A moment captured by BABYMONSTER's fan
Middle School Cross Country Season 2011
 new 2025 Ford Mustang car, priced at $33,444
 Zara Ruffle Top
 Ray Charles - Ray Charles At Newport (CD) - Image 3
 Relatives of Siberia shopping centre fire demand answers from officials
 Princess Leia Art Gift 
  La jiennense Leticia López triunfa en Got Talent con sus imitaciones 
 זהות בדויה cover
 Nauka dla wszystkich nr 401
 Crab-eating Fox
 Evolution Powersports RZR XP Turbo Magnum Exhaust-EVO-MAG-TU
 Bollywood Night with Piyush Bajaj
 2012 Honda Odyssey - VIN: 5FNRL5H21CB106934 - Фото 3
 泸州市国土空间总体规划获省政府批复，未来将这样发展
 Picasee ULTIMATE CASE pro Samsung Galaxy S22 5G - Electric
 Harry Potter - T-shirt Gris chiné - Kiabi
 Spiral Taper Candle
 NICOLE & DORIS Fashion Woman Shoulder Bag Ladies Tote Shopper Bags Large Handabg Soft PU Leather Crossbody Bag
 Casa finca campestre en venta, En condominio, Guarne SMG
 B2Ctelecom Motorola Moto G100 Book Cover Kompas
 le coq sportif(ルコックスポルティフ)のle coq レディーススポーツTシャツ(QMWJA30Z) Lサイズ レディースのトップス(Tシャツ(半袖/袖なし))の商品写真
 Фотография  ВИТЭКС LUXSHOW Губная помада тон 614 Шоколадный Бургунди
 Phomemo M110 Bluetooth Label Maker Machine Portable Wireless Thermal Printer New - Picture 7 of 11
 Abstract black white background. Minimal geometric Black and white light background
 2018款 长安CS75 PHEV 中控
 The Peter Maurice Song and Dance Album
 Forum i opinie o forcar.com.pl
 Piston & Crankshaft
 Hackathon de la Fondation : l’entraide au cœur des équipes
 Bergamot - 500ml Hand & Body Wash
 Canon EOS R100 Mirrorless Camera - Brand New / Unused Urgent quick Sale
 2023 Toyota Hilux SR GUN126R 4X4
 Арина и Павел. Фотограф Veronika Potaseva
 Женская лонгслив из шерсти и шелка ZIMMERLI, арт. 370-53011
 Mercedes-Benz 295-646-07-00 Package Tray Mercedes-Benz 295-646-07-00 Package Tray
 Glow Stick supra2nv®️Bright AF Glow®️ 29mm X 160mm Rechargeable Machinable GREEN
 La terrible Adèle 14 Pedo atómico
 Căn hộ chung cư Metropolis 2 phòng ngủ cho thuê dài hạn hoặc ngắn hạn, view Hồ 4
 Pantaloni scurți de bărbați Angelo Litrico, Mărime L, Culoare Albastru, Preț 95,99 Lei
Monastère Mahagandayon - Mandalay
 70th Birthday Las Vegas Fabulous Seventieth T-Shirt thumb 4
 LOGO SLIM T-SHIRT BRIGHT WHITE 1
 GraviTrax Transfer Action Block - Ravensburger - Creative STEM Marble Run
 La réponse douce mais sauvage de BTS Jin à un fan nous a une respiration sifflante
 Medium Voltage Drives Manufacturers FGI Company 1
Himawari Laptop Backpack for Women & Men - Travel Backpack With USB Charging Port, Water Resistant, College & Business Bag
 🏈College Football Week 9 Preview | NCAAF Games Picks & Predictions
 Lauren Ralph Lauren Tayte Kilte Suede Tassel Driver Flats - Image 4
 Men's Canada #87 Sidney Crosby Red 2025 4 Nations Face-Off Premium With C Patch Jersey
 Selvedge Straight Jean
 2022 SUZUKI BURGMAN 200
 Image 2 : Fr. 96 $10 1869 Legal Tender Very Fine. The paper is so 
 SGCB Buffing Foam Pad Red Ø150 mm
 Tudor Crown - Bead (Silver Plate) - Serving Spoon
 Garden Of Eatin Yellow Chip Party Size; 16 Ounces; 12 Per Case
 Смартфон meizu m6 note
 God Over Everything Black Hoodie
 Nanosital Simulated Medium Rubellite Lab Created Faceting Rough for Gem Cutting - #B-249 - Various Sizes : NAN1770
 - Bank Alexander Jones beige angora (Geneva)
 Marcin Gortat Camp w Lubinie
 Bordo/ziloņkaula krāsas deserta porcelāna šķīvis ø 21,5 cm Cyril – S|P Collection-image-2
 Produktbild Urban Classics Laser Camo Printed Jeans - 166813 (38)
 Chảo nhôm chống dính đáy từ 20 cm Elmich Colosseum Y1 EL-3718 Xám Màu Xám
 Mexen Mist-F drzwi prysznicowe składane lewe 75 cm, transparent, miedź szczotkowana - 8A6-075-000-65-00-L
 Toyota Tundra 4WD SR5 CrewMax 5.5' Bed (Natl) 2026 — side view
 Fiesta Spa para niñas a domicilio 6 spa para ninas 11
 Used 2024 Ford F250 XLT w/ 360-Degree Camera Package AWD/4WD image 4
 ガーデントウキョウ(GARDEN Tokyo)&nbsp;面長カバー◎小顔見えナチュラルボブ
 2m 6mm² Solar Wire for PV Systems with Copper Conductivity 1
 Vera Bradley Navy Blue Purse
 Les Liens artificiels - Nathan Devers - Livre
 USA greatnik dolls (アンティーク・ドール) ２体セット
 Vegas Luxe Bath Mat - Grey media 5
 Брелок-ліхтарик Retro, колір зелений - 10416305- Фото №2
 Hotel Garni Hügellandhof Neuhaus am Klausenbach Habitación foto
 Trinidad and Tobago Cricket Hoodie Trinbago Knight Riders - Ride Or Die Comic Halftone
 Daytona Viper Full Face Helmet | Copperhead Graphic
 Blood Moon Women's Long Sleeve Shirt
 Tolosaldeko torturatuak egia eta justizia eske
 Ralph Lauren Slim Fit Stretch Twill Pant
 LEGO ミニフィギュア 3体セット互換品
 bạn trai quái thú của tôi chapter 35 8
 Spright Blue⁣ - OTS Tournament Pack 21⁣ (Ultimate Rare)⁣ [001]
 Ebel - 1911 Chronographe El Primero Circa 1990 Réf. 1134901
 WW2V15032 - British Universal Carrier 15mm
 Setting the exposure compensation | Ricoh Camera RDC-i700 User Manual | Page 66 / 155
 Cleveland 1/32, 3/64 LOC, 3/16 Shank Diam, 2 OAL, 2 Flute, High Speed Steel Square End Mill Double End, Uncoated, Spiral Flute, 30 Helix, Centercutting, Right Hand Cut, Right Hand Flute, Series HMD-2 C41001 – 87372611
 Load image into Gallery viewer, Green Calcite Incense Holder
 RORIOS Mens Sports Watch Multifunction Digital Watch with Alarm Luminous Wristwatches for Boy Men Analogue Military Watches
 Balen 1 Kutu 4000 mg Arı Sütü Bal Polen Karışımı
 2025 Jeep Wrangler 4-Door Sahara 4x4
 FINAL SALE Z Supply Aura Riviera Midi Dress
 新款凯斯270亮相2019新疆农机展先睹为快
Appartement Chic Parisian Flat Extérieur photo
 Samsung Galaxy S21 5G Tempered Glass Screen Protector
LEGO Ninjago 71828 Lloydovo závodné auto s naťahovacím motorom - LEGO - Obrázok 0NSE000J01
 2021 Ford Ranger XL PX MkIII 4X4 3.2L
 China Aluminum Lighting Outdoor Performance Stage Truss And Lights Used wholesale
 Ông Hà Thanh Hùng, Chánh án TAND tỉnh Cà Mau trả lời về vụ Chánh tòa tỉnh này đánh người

────────────────────

_Exercise details:_ The lines above, starting at the one with "Monastère Mahagandayon - Mandalay" and ending at the one with "Medium Voltage Drives", are the only ones to return, exactly as written.

_Solution:_
Monastère Mahagandayon - Mandalay
 70th Birthday Las Vegas Fabulous Seventieth T-Shirt thumb 4
 LOGO SLIM T-SHIRT BRIGHT WHITE 1
 GraviTrax Transfer Action Block - Ravensburger - Creative STEM Marble Run
 La réponse douce mais sauvage de BTS Jin à un fan nous a une respiration sifflante
 Medium Voltage Drives Manufacturers FGI Company 1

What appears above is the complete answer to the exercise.